» What needs to be done
The part below that opens with the line containing "موضوع فعالیت شرکت انفورماتیک چیست" and closes with the line containing "2019.12.29 有吉弘行のSUNDAY NIGHT" should be copied exactly, minus any pictures.

» Given records
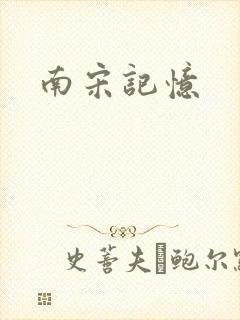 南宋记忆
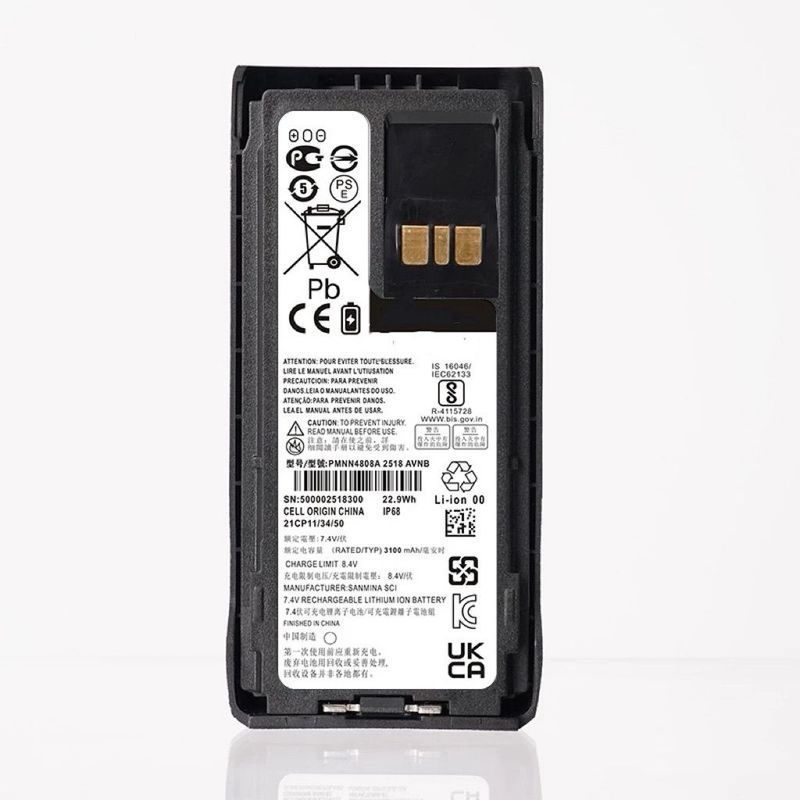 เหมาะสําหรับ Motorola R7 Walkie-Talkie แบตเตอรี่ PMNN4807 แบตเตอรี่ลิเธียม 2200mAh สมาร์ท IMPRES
==
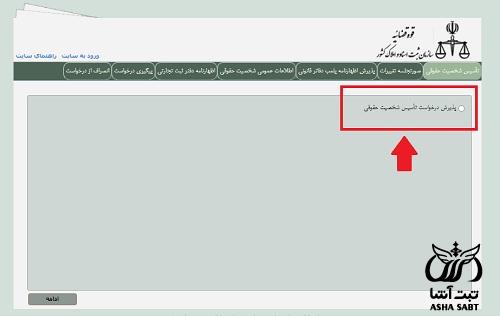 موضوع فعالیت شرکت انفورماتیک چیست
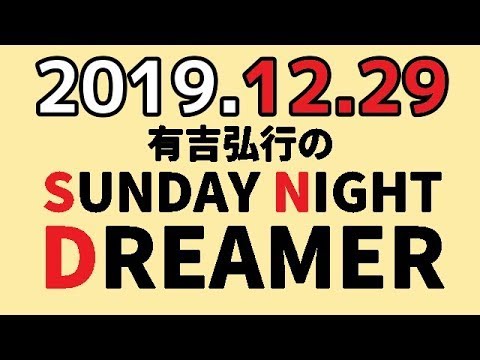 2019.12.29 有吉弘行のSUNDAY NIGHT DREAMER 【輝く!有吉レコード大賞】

» The answer
 موضوع فعالیت شرکت انفورماتیک چیست
 2019.12.29 有吉弘行のSUNDAY NIGHT DREAMER 【輝く!有吉レコード大賞】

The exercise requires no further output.